Baldwin Bird Research Laboratory
Samuel Prentiss Baldwin, the "Birdman" of Cleveland
Why have more people not heard of Samuel Prentiss Baldwin, the “Birdman” of Cleveland? Baldwin was born in 1868 and, as a young man, initially pursued a legal career. About midway through his life, however, he opted for a switch to ornithology. This by no means sprang out of nowhere; for much of his life, Baldwin had cultivated this interest during his spare time, inspired by the wonderful opportunities for studying birds in their natural woodland habitat on the eastern edges of Cleveland. It was around 1906, however, that he started down the path of ornithology on a professional level and truly devoted himself to this rather niche discipline. From here it was just a short step to establishing what would become his main haunt, the Baldwin Bird Research Laboratory on his Gates Mills property in 1914, taking advantage of its prime bird habitat.
In 1899, Samuel Prentiss Baldwin and his wife Lillian Hanna Baldwin, newlyweds, acquired a 450-acre forested farm called Hillcrest in the village of Gates Mills. It was at Hillcrest, as well as in the winter resort colony of Thomasville, Georgia, that the lawyer-turned-ornithologist began conducting his pioneering studies on wild birds.
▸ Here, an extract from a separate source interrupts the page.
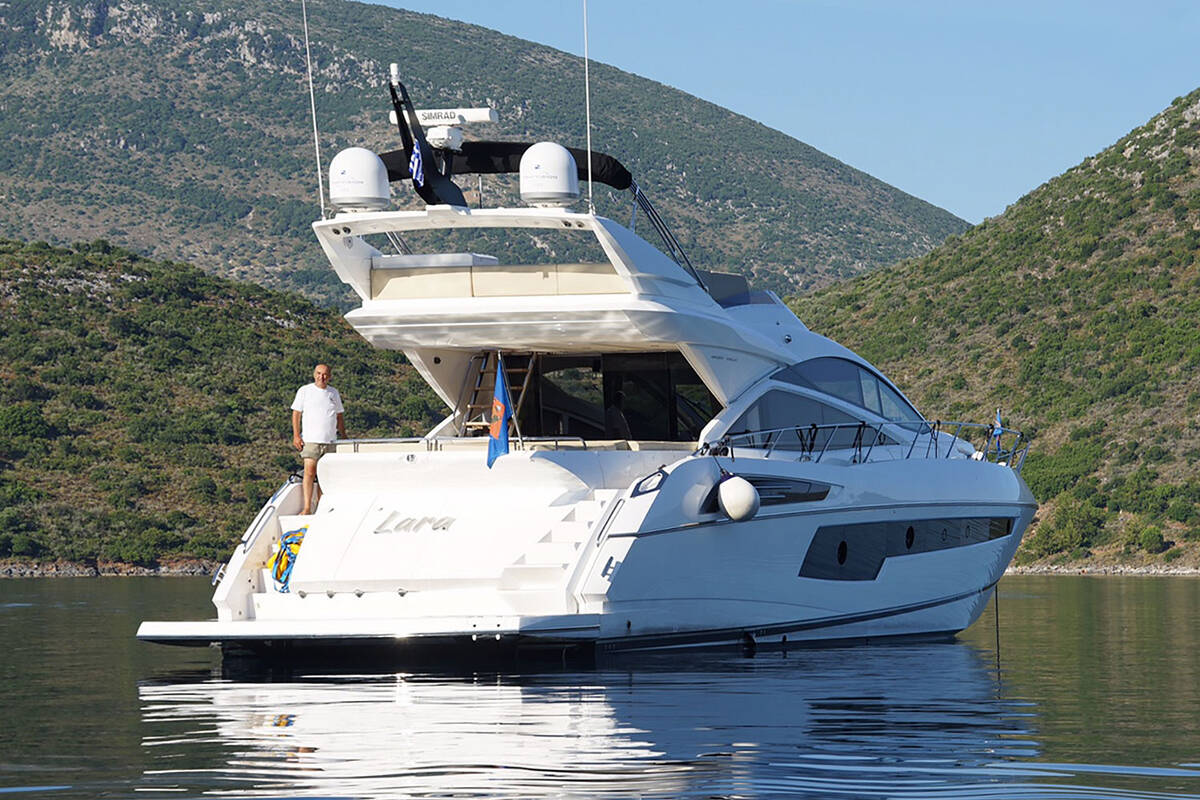 Exterior Sunseeker 68 Sport Yacht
His achievements through his lab were considerable. Baldwin pioneered new methods for the study of bird migratory habits and physiology that became noted by the greater international ornithological community. Foremost among these achievements was his innovation of tracking bird migration through marked bird-banding.
Baldwin trapped and tagged birds before their migration, usually in their juvenile phase for the sake of their own well-being and for most efficient study, and tracking departures and re-arrivals and their timing so as to be able to understand breeding patterns. This enabled a new discovery: that the birds primarily studied, House Wrens, did not mate for life as previously hypothesized. Baldwin’s discovery was recognized by the Biological Survey of 1920. In addition to his pioneering research on bird migration and breeding patterns, Baldwin also made discoveries related to the regulation of their body temperature and further solidified that birds were, beyond a doubt, warm-blooded, just as their dinosaur ancestors were believed to have been. He used special lab tools to measure these temperatures not only from early adolescence in the bird life cycle, but from the embryo itself. To top that off, he published a book on that same topic, titled "Physiology of the Temperature of Birds."
By the 1920s, his Baldwin Bird Research Laboratory on the Gates Mills property was a focal point in the rapidly developing field of ornithology. The vast majority of articles about Baldwin and his work are found in publications from the late 1920s through the 1930s, when he made his most substantial impacts in the field. His bird-banding innovation was sufficiently well-known for him to earn an honorary degree in Sciences from Dartmouth College in New Hampshire. He also was one of five American delegates to the Canadian National Museum exhibition in 1926. Finally, he was instrumental in collaborative work with Western Reserve University in the study of and experimentation on bird embryos. In his time, Baldwin was a figure of no small importance in the world of ornithology – and even science in general – and deserves more modern-day recognition.
Following Baldwin’s death in 1938, his wife Lilian deeded the S. Prentiss Baldwin Bird Sanctuary in his memory to the village of Gates Mills. Later, in the 1960s, an ordinance designated all of Gates Mills a bird sanctuary, and although a Cardinal appears on the village's "Bird Sanctuary" signs that mark the village limits, Samuel Prentiss Baldwin might wish it were a Wren.